Test cricket is always termed by most players - former, current and currently suspended - as the pinnacle of cricket, the ultimate test of your abilities on the field. With the exception of Chris Gayle, who was then blasted for such blasphemy. Drawing on my years of playing test cricket, (our own street test cricket version where hitting a six was considered out, to ensure more measured play) I can empathise with that opinion.

But, my views as a discerning observer of the more commonly known form of test cricket will be suitable for the purposes of this post.

Professional sport, after all, is a microcosm of life itself. Grown men and women try their best to out-do one another while staying within the boundaries and rules agreed upon by the sporting society. The advantage being that while your greatest of victories in life may go unnoticed by the vast majority, in sport your smallest of losses is likely to be put under the microscope. If you call that an advantage.

But, for me, test cricket comes the closest to simulating the vagaries of life within itself. The great test matches in history have had the glorious uncertainities - from the sudden change in behaviour of the pitch on the third day afternoon session leading to a collapse, deadly spell of reverse swing bolwing turning the match, dropped catches rued for days, debatable umpires' decisions, players having lively chats about each others wives, girlfriends, mothers, sisters, etc - spread over five days swing fortunes from one end to another, with the potential for an action packed Bollywood spice fest with a climax to match.

I admit some matches can get boring. But then, so can life.
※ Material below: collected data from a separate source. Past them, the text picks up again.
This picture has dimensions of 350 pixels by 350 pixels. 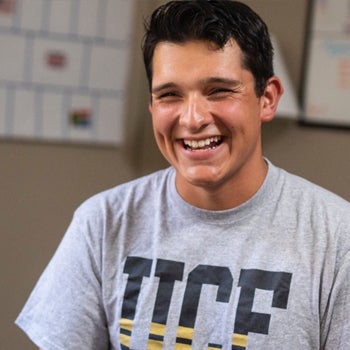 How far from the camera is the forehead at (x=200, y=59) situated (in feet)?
4.21

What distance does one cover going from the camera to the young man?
4.26ft

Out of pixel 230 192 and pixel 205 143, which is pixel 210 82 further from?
pixel 230 192

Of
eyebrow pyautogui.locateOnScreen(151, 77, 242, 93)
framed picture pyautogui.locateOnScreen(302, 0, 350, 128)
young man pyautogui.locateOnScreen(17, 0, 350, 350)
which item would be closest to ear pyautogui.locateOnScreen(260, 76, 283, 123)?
young man pyautogui.locateOnScreen(17, 0, 350, 350)

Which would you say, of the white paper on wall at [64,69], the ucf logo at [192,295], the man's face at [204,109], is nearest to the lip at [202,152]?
the man's face at [204,109]

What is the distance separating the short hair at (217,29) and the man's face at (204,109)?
0.05ft

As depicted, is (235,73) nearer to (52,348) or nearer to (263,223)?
(263,223)

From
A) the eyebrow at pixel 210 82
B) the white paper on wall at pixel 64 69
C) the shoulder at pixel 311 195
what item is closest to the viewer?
the eyebrow at pixel 210 82

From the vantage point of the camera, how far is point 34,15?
7.66 ft

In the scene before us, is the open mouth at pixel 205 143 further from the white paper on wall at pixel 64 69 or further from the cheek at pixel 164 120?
the white paper on wall at pixel 64 69

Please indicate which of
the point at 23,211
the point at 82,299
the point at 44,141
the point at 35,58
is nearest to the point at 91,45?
the point at 35,58

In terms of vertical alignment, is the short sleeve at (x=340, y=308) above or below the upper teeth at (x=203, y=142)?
below

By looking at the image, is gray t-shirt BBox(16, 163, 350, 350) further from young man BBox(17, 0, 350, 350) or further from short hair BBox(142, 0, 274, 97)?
short hair BBox(142, 0, 274, 97)

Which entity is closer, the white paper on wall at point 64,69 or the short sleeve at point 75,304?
the short sleeve at point 75,304

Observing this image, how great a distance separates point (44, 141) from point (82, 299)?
3.41ft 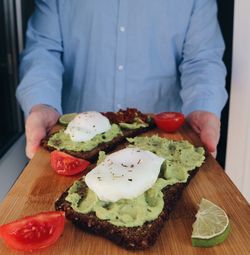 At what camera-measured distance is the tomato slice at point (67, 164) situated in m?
0.97

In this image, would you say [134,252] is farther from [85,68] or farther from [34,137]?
[85,68]

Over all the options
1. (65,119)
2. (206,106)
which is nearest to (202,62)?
(206,106)

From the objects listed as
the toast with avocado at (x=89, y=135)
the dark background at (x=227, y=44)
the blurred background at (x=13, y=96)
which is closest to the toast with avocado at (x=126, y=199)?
the toast with avocado at (x=89, y=135)

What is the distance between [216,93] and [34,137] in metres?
0.62

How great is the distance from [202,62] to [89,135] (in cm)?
57

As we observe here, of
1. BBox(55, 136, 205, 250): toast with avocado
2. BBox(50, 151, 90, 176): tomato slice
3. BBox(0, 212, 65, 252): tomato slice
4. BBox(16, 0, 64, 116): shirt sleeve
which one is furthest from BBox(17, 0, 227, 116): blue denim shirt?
BBox(0, 212, 65, 252): tomato slice

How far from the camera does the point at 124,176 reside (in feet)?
2.53

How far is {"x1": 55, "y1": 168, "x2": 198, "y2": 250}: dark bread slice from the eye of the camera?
70cm

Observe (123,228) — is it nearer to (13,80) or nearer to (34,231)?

Test cricket is definitely not a shot of adrenalin for the masses like T20. Its taste is for the cultivated, the nuanced. For those who read between the deliveries, check for body language, ponder over strategy while the rest of the world just waits for the end of the day score. It is a sport where you can safely drift off into a world of your own, debate about the pros and cons of each move, without missing out on any action. It even gives you ample opportunity between overs, during drinks, lunch and tea breaks to have refreshing conversations about things other than the game. I may have taken it too far by thinking it is an ideal setting for a first date, but you get the point.
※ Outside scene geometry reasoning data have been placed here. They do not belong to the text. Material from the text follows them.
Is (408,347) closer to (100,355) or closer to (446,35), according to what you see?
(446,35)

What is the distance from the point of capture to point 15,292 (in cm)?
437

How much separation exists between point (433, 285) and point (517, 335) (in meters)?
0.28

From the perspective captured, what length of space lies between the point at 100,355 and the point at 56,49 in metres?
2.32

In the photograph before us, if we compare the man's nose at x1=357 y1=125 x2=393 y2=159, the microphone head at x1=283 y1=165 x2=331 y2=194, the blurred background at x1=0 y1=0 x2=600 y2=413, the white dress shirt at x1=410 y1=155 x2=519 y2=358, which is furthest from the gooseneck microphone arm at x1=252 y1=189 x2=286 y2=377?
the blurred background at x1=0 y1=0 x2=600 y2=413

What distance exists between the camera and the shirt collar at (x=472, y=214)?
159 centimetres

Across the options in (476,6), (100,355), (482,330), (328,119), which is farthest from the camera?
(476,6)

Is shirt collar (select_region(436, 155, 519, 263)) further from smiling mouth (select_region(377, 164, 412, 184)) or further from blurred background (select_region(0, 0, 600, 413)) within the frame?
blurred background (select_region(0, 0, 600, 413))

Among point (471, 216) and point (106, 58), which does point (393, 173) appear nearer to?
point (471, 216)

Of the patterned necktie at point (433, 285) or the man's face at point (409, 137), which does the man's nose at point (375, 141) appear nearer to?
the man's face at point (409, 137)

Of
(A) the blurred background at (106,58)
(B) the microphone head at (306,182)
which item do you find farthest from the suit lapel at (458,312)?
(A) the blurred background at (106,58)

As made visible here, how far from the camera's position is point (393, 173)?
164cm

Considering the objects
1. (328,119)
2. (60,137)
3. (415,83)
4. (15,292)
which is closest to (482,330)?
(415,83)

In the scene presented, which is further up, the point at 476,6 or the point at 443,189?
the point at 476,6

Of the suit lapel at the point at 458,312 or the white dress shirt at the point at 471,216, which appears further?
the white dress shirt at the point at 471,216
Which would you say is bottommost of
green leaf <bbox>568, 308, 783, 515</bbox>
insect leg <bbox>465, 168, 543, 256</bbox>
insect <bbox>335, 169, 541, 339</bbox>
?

So, after this rather test match type detour, I shall come to the point I was making. Martin Crowe had an idea a month ago about a revamped Test Championship. I liked this idea far lesser than his only other idea - that of using a spinner as an opening bowler in an ODI. Though my response in Cricinfo's comments section was one of reflex. But upon reflection, I have realized it was the danger it posed to my beloved nuances of the game that really set me off. Anyway, here is my response:
I don't agree with Crowe.

1. The one-off contests can't replicate the beauty of a test series - a true test of mettle
2. The lop sided nature of the draw will give no incentive for the home-team to prepare sporting pitches. Incentive is works better than rules :P
3. Viewership will decline as a result of one-sided tests - most likely draws.
4. Only seven tests??!! and you are world champion??
It sounds increasingly like a patchwork formula made on the back of a tissue.. :P His ideas seem to pander to everything that is wrong with test cricket right now and gift wrap it into a short-term solution

My suggestion:
Emulate the football league formats (Premier and Championship), or even the Indian domestic Cricket Leagues (Ranji and Plate)
1. Split the teams into two groups of 5 based on current ranking - say 'Champions' and 'Challengers'
2. The 'Champions' will play a home and away tour of 3/5 tests each home and away during a two year period. Same for the 'Challengers'. Considering each series takes 2 months (for 5 tests) you have 16 months of test cricket. Still leaves enough time for T20s, ODIs.
3. The points system will be based on the hierarchy - Test Wins, Test draws, Away wins, Away draws, Runs scored etc to split the teams, if required
4. The bottom 2 teams from the 'Champions' and the top 2 teams from the 'Challengers' will trade places at the end of every two years
This will create a lot of test cricket and make it more competitive. The teams will be more evenly matched, and over a long tour will have opportunities to make come-backs.

Sunday, May 30, 2010


My mind rebels at stagnation. Give me problems... I abhor the dull routine of existence. I crave for mental exaltation - Sherlock Holmes

Though, of late, I have been feeling that my mind rather revels in stagnation. After all, this post is a result of such an endeavour. I let you decide. Here is something for the exalted minds.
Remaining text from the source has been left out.